Mt. Polley - factors leading to a failure of a geowaste facility

Posted by Stop Ajax Mine on January 12th, 2015 2:19am

The following article is from Jack Caldwell's blog, I Think Mining – Sharp Opinions About Mines and Mining. Caldwell has spent most of his life as a consulting civil engineer to the mining industry and makes his home in Vancouver and the US.

I have spent the past few weeks in Rota, Spain with my son and family.  The sun shines on the house patio---most times. Athough some days the mist endures all day and it is cold.   Today the sun overcame the mists by about eleven a.m., and it was fun to sit in the son and read John Grisham's book The Last Juror.

Sometimes I come inside and work on the computer.  I read what is written on Mt Polley and update an EduMine course that I am writing on Risk Assessment, Decision Making, and Management of Mine Geowaste Facilities.  For the failure of Mt Polley tailings facility is the best possible current example of the failure of risk assessment, decision making, and management of geowaste facilities we know of.

I have previously concluded that the following risks were ignored or not noticed by design engineers, regulators, or owners:  an upstream perimeter embankment; too much water; a pool too close to the perimeter; too fast a drawdown of the water levels; and possibly differential foundation deformation at a change of perimeter alignment.
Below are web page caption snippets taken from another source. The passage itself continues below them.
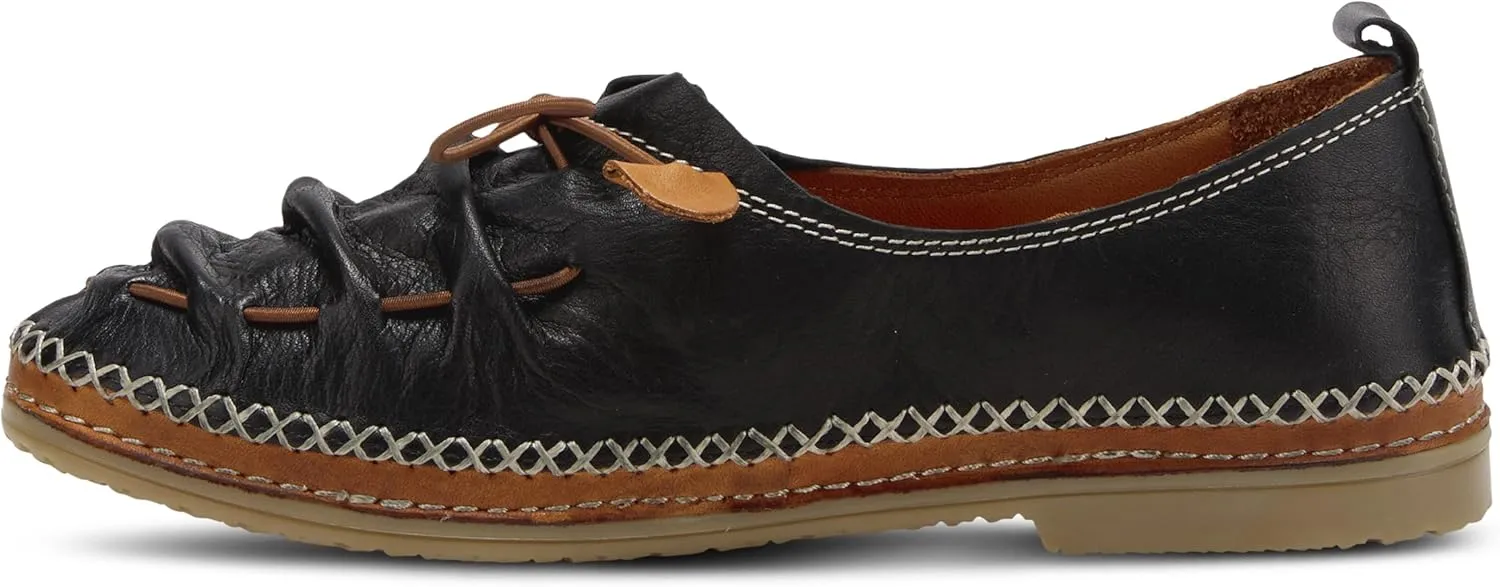 Spring Step Women's Berna Loafer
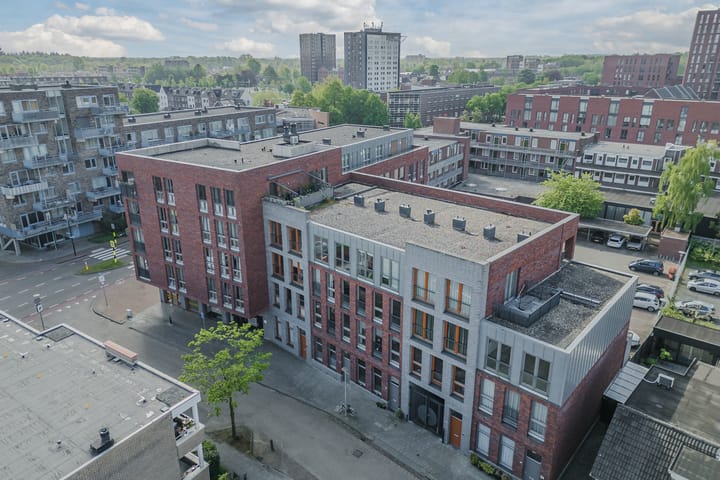 Foto 4 van Nijlandstraat 72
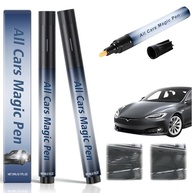 Caneta Mágica para Arranhões de Carro - Correção Rápida e Profissional para Todos os Veículos - imagem 2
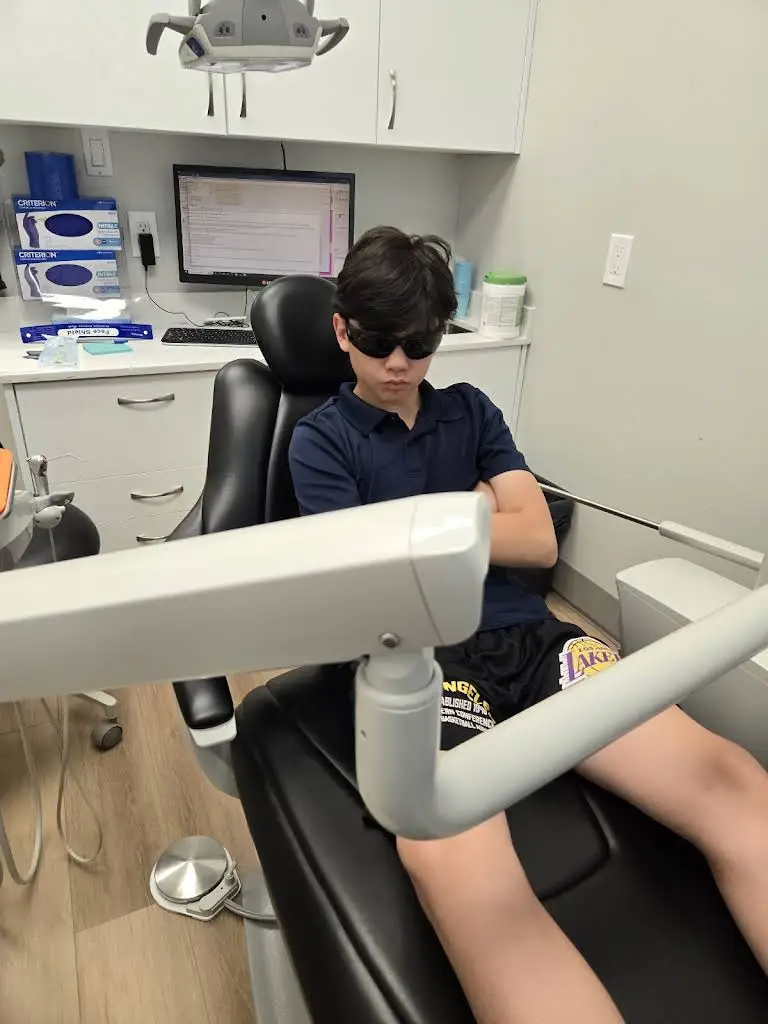 Sunrise Kids Dental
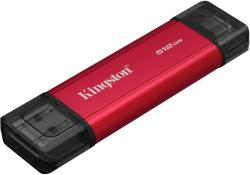 Kingston Dual Portable 512GB (SPSD/512GB)
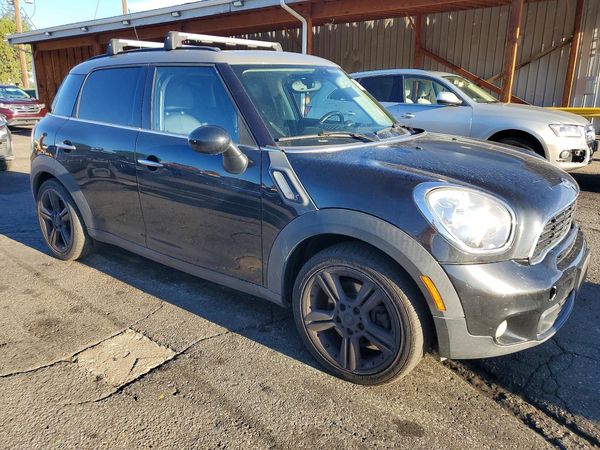 2013 MINI COOPER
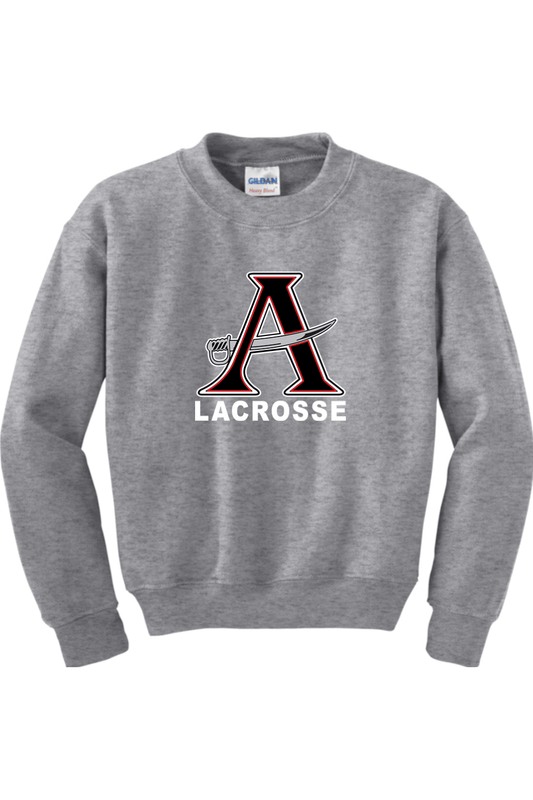Allatoona LC Youth Sweatshirt Signature Lacrosse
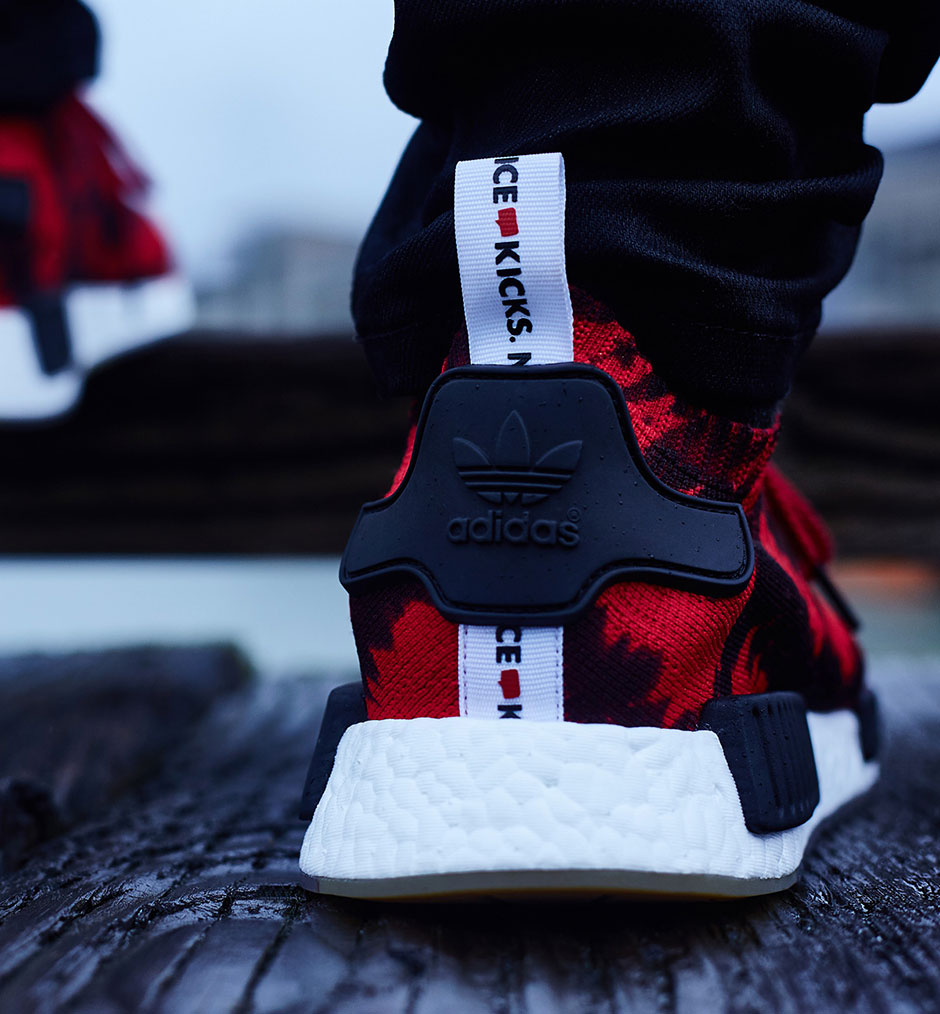 Nice Kicks Adidas Nmd Pk Runner Tie Dye 4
The made all the mistakes possible.  They implemented all the bad practice the industry had learnt by past events to avoid.  They exhibited an arrogance and confidence based on stupidity, youth, and subservience to clients & prejudice.

I am afraid that if I truly wrote what I believe & know, all associated with the tailings facility would sue me.  Just like in Grisham's novel.     For the fact is that the original designers had been warned for years that the embankment design was subject to potential failure.  They used the same design at dams that have also failed but of which I cannot write.  They were beholden to an ancient approach to dam construction used in South Africa, but not suitable for BC, yet cheap to do in BC and thus beliked by local mining companies.  They never made the necessary change from South African practice to the differences of BC conditions.
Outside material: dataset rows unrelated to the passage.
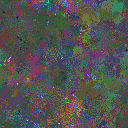 World at epoch 113000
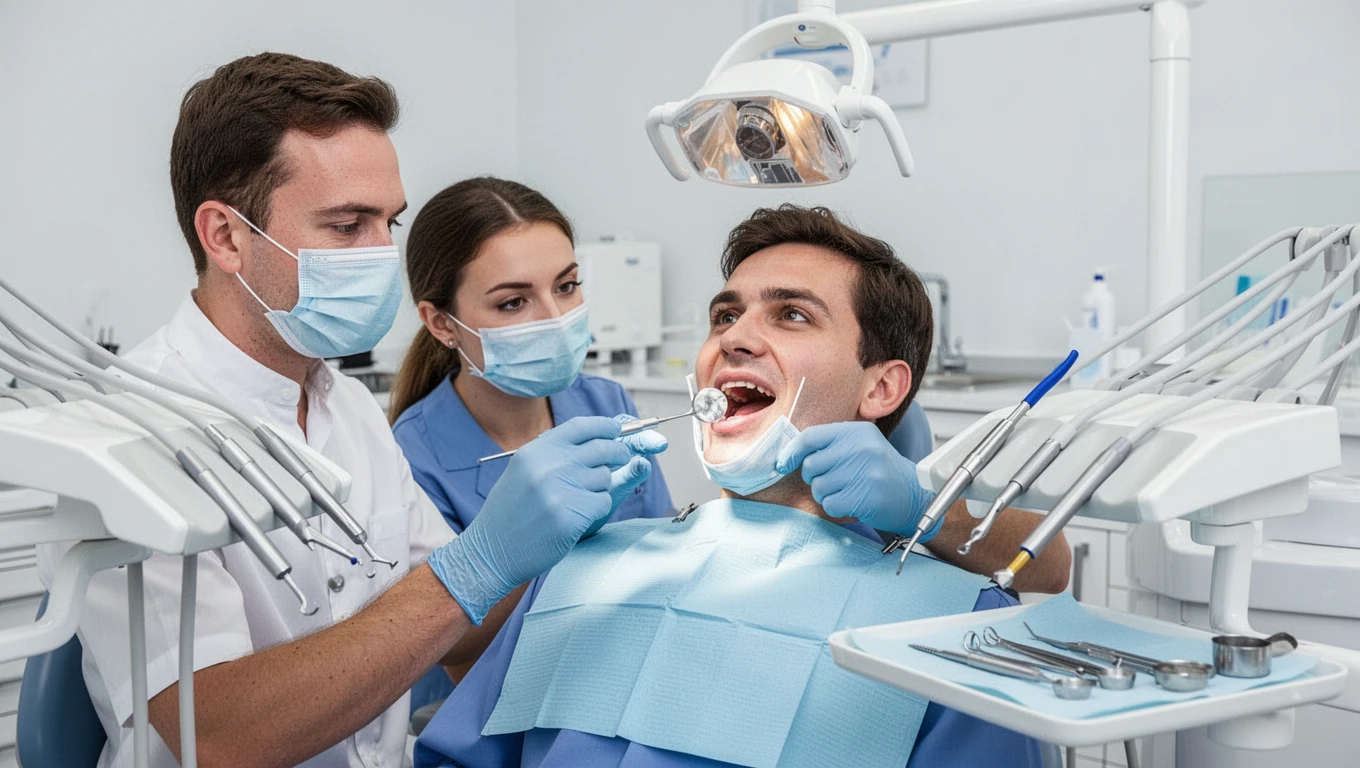 Dental Exams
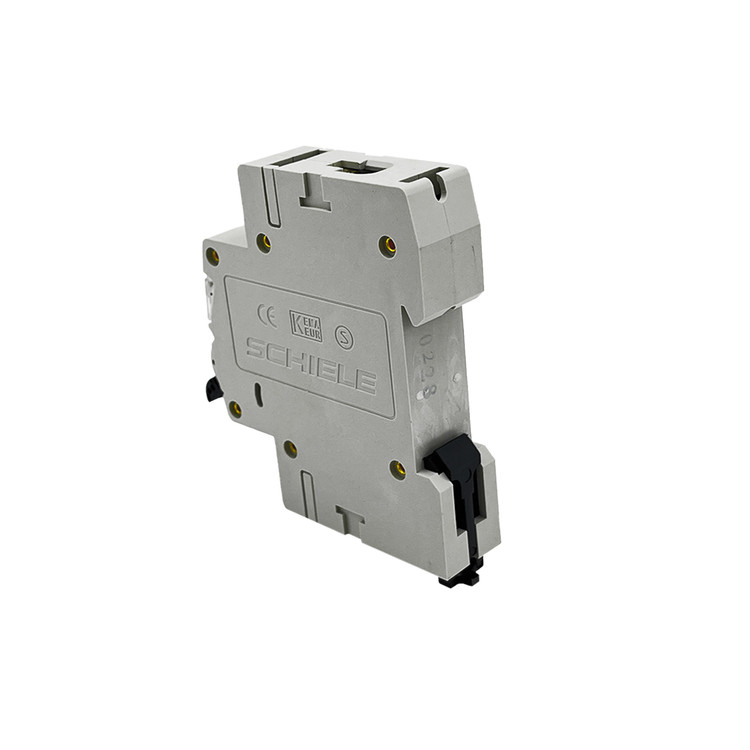 کلید مینیاتوری شیله تک فاز 2 آمپر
The dam design  was taken over by a British company that had no objective other than full time-sheets.  BGC had raided AMEC years before of its competent tailings engineers, and AMCE youth were left naked and beholden to computer analyses and bereft of shovel-turning expertise.  Many months before the failure, the joke at BC meetings was how BGC had gotten all the good tailings engineers from AMEC and how sad it was that the AMEC folk continued in honest attempts at what was not within their sphere of competence.

The failure of the Mt Polley tailings facility involves all the factors that lead to failure of a geowaste facility:

·         Poor initial design.

·         Continued optimism in the face of reality and warnings by Andy Robertson.

·         Fleeing of a bad project by the initial designers who protested in legal, but not honest terms,

·         A mine management that did not understand what they had.

·         Take-over by a reputed company devoid of its old experts and dominated by youth of skill in computer analyses but not shovel-ready methods.

·         A regulator utterly unable to regulate.  The nicest of them told me she was going to enhance her expertise by reading my EduMine courses on tailings.  Flattering but inadequate.

This failure was no Act-of-God.  This was human, company, institutional, governmental, and societal reality become incompetence.  See what I wrote on John Le Carre's The Night Manager.   There are no mysteries here; nothing unusual; nothing not done before;  no active villain; no evil protagonists.  Here are only normal human beings trying to do what we all try to do: work; produce; opine; earn a living; deal with the system we find ourselves in; beat out the other guy; apply what we know; and hope like hell it all works.  In this case it did not work and the system failed and the facility failed and the environment is screwed.

And the industry is revealed as NAKED.  The industry institutions protest in lame terms.  The organizations squirrel to sound sane, but reveal their prejudice and ignoble perspective with every new word.  The reporters tred carefully lest they offend (or get sued).   The government obfuscates and hides behind platitudes.  Even bloggers like me go careful, for the facts are suppressed, the informants silenced, the opinions attacked, and the threat of retribution ever-present.

If Morgenstern, Vick, and Van Zyl can cut through all this is a deep question.  The only one I would rely on for honesty is Vick.  The other two are hacks of the industry and will, no doubt, trim the sails of their conclusions to the exigencies of consulting futures.  Thus this plea to Vick: you are intelligent, honest, independent, and able.  Please gives us your honest, independent opinion,  Be not swayed by others.  Be not affected by considerations of the profits of future consulting assignments.  Care not for the servile adulation of minor engineers and mining hacks.  Be what I know you are:  a man of integrity, ability, and independence, independent of people who now and in the future may pay you for consulting advice, or who may give you money for research grants.